Problem to work on = Please filter the listing for the string "view" and copy each matching line.

Material to process =
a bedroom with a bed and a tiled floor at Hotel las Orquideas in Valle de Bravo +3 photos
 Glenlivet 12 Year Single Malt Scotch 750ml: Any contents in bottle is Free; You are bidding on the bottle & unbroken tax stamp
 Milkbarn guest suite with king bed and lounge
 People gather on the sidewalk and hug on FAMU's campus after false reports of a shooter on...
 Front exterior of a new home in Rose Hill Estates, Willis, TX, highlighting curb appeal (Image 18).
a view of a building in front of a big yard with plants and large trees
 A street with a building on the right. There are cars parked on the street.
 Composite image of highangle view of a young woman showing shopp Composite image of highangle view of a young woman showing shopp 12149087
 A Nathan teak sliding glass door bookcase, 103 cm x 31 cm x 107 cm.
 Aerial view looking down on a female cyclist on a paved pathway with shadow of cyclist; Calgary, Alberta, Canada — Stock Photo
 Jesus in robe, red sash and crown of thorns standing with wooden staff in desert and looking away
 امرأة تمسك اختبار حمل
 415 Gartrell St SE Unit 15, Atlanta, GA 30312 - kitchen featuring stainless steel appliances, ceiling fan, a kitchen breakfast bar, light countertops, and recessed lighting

Reply to the task =
a view of a building in front of a big yard with plants and large trees
 Composite image of highangle view of a young woman showing shopp Composite image of highangle view of a young woman showing shopp 12149087
 Aerial view looking down on a female cyclist on a paved pathway with shadow of cyclist; Calgary, Alberta, Canada — Stock Photo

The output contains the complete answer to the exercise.